Shade-grown coffee is as natural as it comes — the low-to-the-ground plant thrives as part of a healthy ecosystem surrounded by other species of plants and wildlife. Equal Exchange’s mission to work with small farmer cooperatives has led us to work in regions with extensive landscape degradation. The market access we provide to producers in these regions is critical to restoring these landscapes. Because we’ve been working with our co-op partners for so long, we’re able to source outstanding beans. And much of the coffee we buy is shade-grown. The plants that shade the coffee give shelter to birds and insects, sequester carbon and serve as a source of food for local communities. That’s not all. Shade actually helps make for a sweeter cup!
Coffee is a shade-loving shrub. But in recent decades, people have developed sun-tolerant varieties of the coffee plant. These varieties, grown on plantations in a mono-culture system, do what they’re meant to — produce large yields. People clear forests of native plants to plant these large fields of coffee. And a growing environment without crop variety doesn’t support biodiversity. Over 98% of Equal Exchange coffees by volume are certified organic. (Our few non-organic coffees are clearly labeled.) The overwhelming majority of these organic coffees are shade-grown. Shade trees and various types of crops and plant-life are an important part of the ecosystem for birds and pollinators.
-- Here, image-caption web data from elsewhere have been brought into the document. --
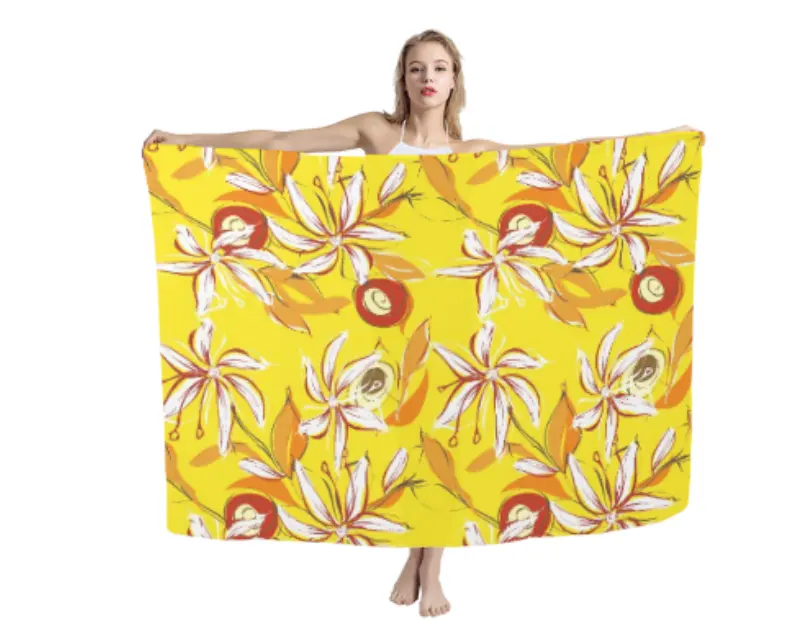 Hawaii Beach Damen Badeanzug Vertuschung sexy Strand Vertuschung häkeln gelb Big Size Pareo Sommer benutzer definierte Muster Pareos für Frauen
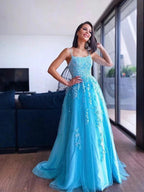 Spaghetti Straps Tulle Sweep Train Dresses SYP125 by vivymakudress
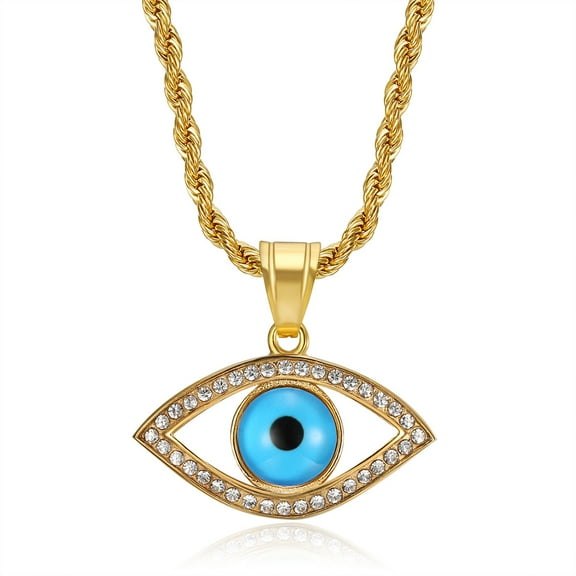 Hip Hop Iced Out Bling Blue Evil Eyes Pendant 14K Yellow Gold CZ Eye Necklace for Women Men Turkish Jewelry Gift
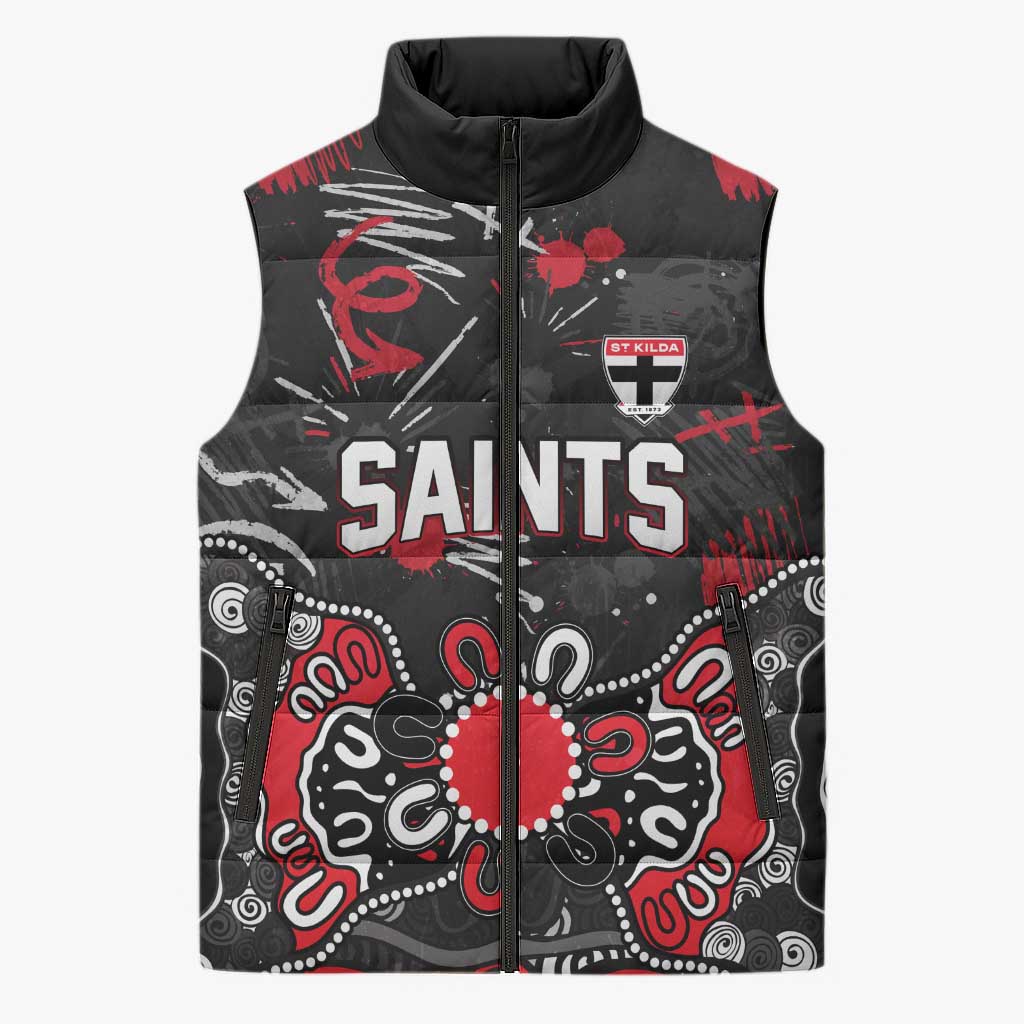 Personalized St Kilda Saints Sleeveless Puffer Jacket Aboriginal Dot Painting Graffiti Style
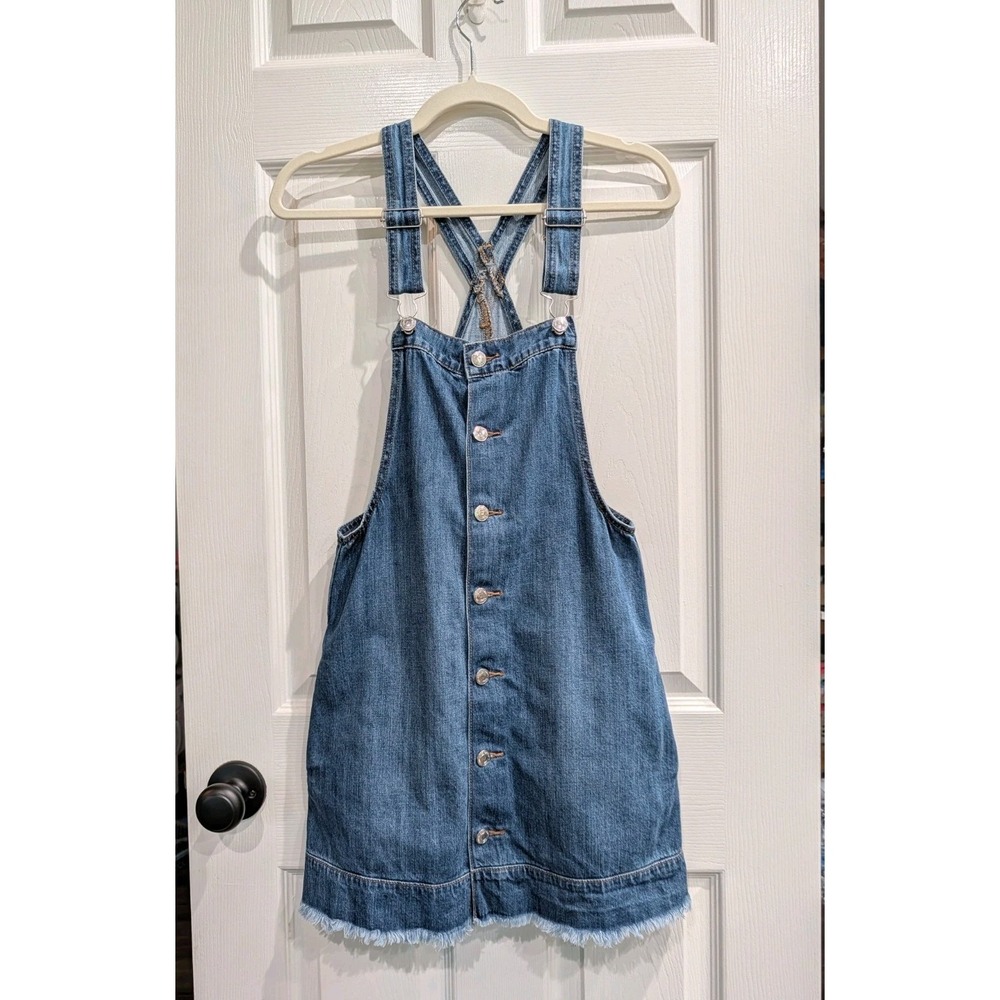 American Eagle Womens Denim Overall Mini Dress XS 90s Raw Hem Buttons Pockets
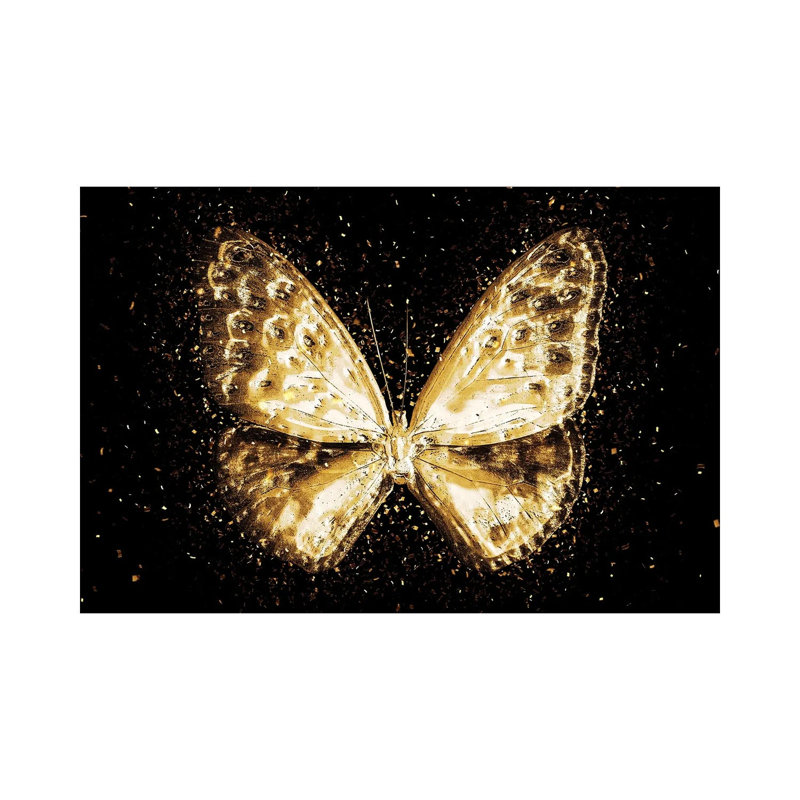 Golden - Butterfly I by Philippe Hugonnard - Wrapped Canvas Gallery-Wrapped Canvas Giclée, 20.32cm H x 30.48cm W x 1.9cm D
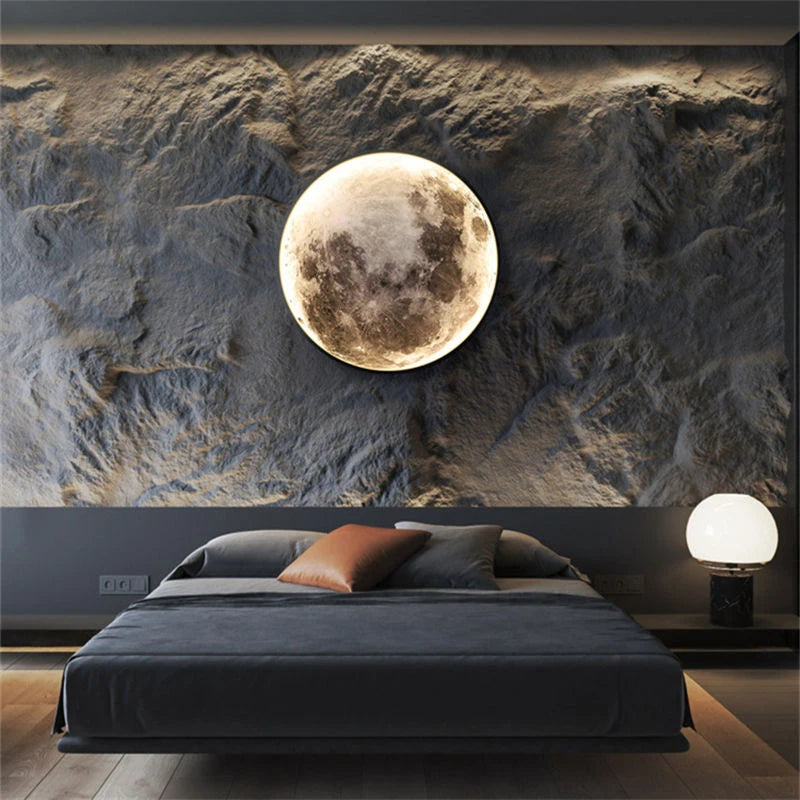 Art Modern Indoor Lighting Design Bedroom 3d Round Led Circular Moon Wall Lamp Decor Home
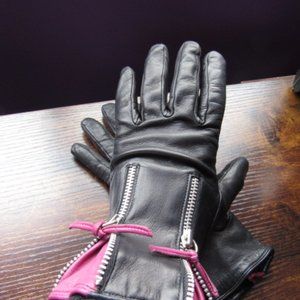 Danier Black Leather Zipper Gloves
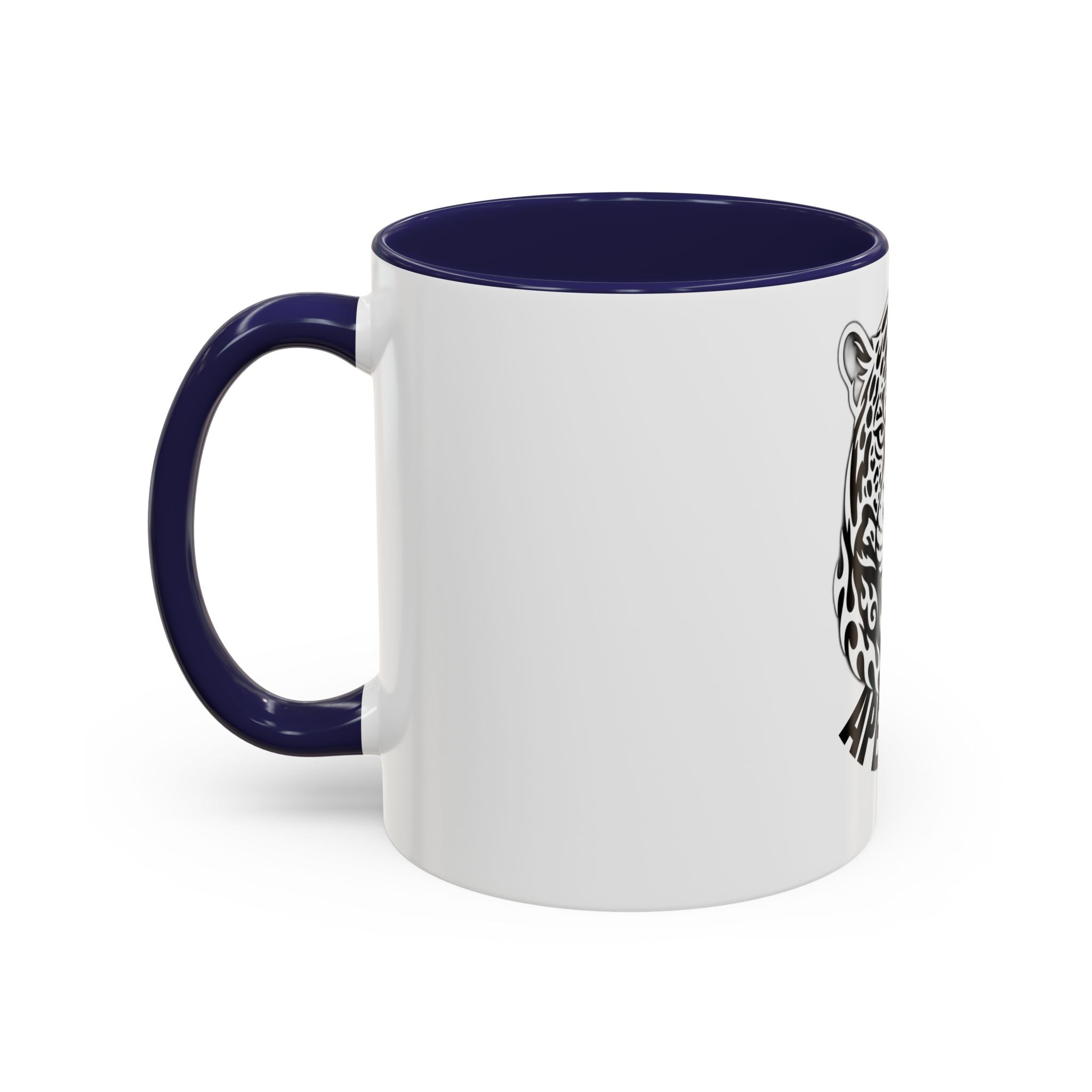 Tribal Wolf Accent Coffee Mug – Black Interior & Handle, Fierce Wolf Head Design (11/15 oz)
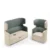 canapé et fauteuil dossier haut acoustique en mousse beige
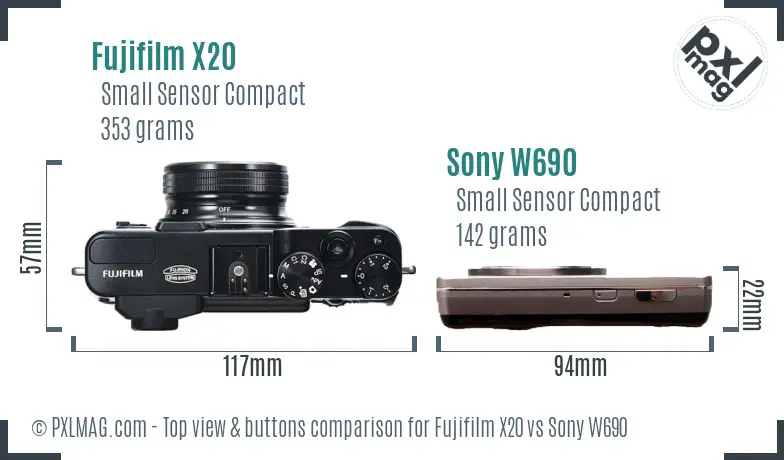 Fujifilm X20 vs Sony W690 top view buttons comparison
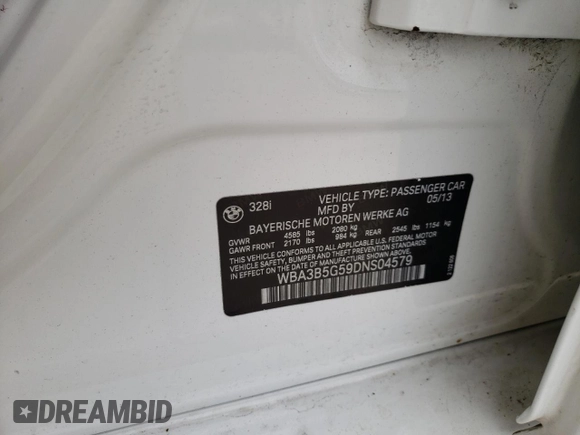 2013 BMW 3 Series 328i xDrive with VIN WBA3B5G59DNS04579, listed as a Copart auction lot 50445404 with 115,404 mi miles and Salvage title. Bid and sale history available at DreamBid. Image 12.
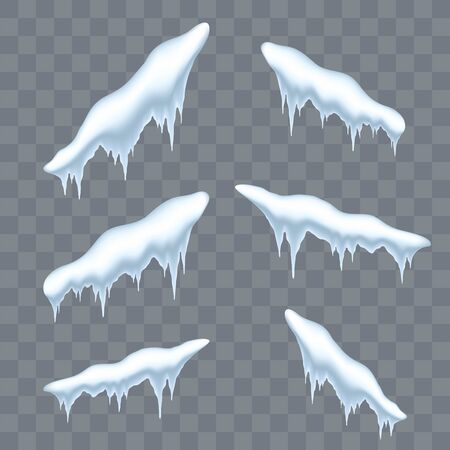 Snow cap ice set. Winter design snowy icicle roof. White blue snow template. Frame decoration isolated transparent background. 3D realistic cap. Christmas, New Year frozen texture Vector illustrationのイラスト素材
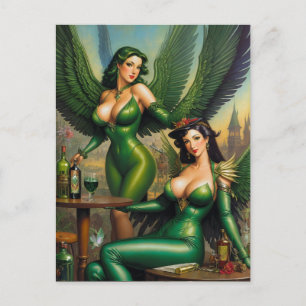 Absinthe Green Fairies Postcard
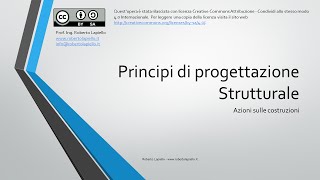 Principi di Progettazione Strutturale  Le Azioni [upl. by Sirroned46]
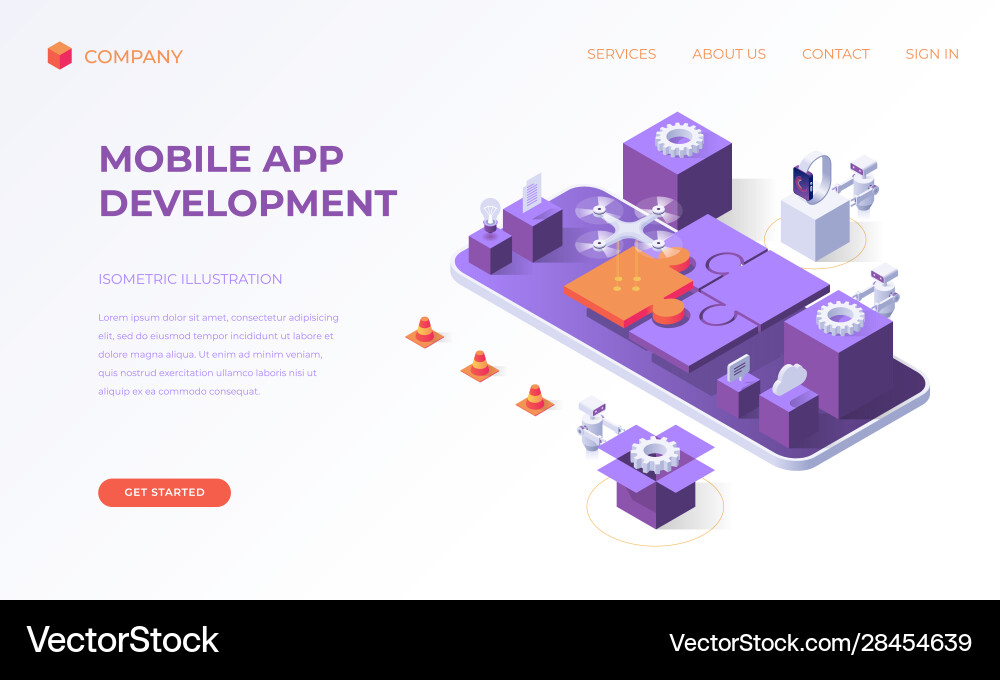 Landing page for mobile app development Landing page for mobile app development vector image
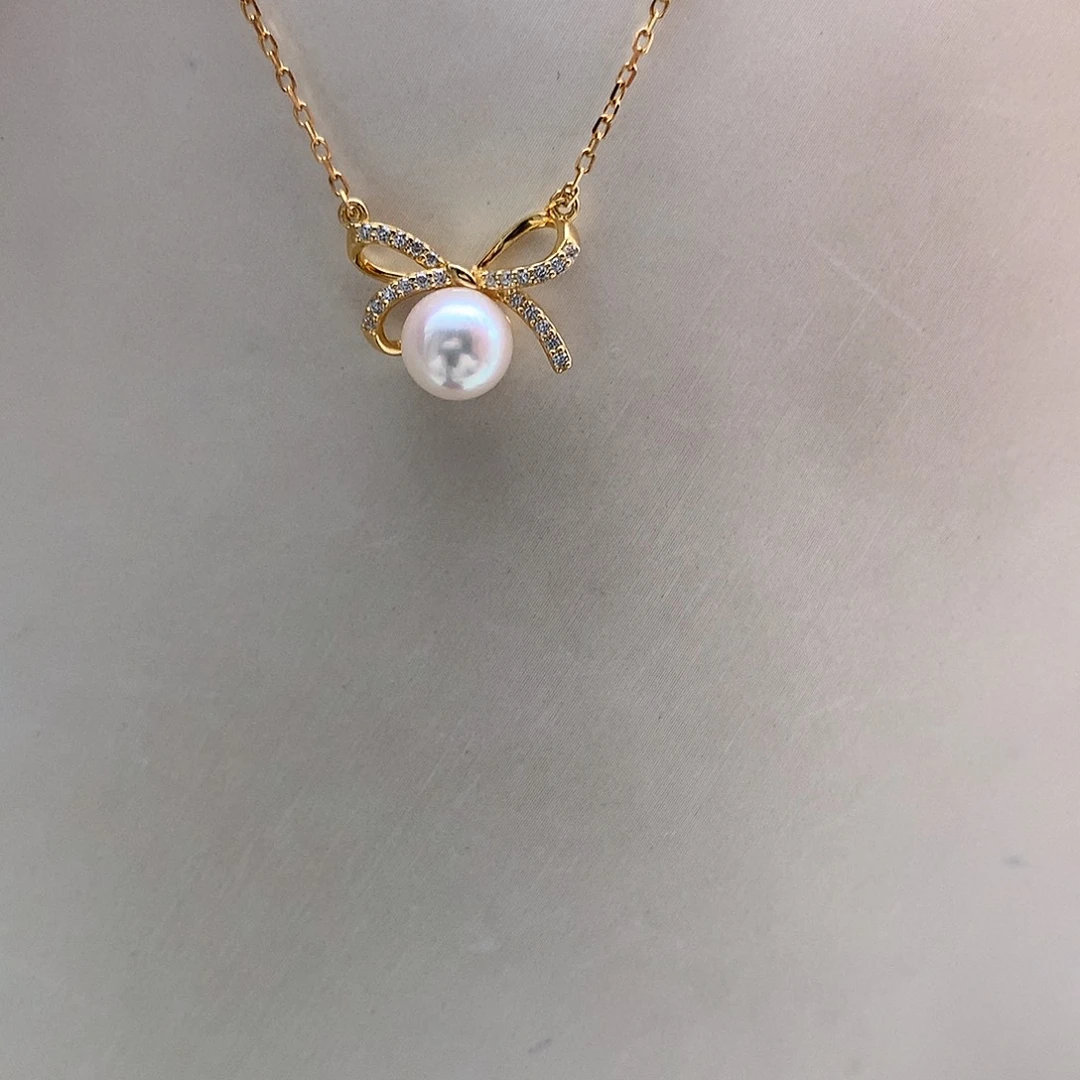 银S925镶嵌颈饰海水珍珠7mm ak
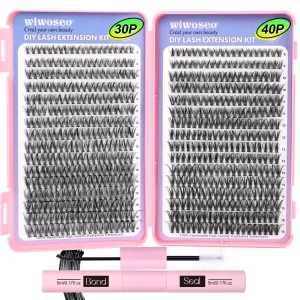 640Pcs Lash Extension Kit, DIY Eyelash Extension Kit Cluster Curl Individual Lashes with Lash Bond and Seal, Tweezers DIY Eyelash Extension Kit for Self Application At Home(30p 40p 8-15MM)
Some of the non shade-grown coffees that Equal Exchange sources are produced in locales where deforestation has occurred. The land in these areas is in transition; it’s still in the process of being restored with agroforestry systems using coffee as the principal crop.
Want to learn more? Watch our documentary about farmer partners who grow coffee in buffer zones around protected biospheres in Peru:
The coffee beans we roast are the seeds of the plant. They’re found in its small round fruit, its cherries. Some fruits, like bananas, can be picked when green; they’ll continue to ripen after harvest. Coffee is different. It will not ripen any more once the fruit is off the bush. For that reason, skillful growers wait until the cherries are mature, when they’ve developed as much sucrose as possible. The sucrose in the cherry flavors the coffee in the cup — and it depends on factors like altitude and shade cover. Coffee plants needs sunlight to develop, of course. But they thrive when they grow in partially shady conditions. According to the Coffee Quality Institute, shade-grown coffee will have 3% more sugar than coffee that is grown in full sun.
While the shade-grown certification system is appropriate for some growers, it comes with costs. We don’t believe it provides sufficient additional benefits for us to ask our producer partners to go through this process on top of the fair trade and organic standards they are already meeting. It’s important to note that both organic and fair trade standards have environmental components that cover much of what shade-grown certification requires. From our perspective, shade certification doesn’t alter in a significant way the practices of farms that are already fair trade and organic certified.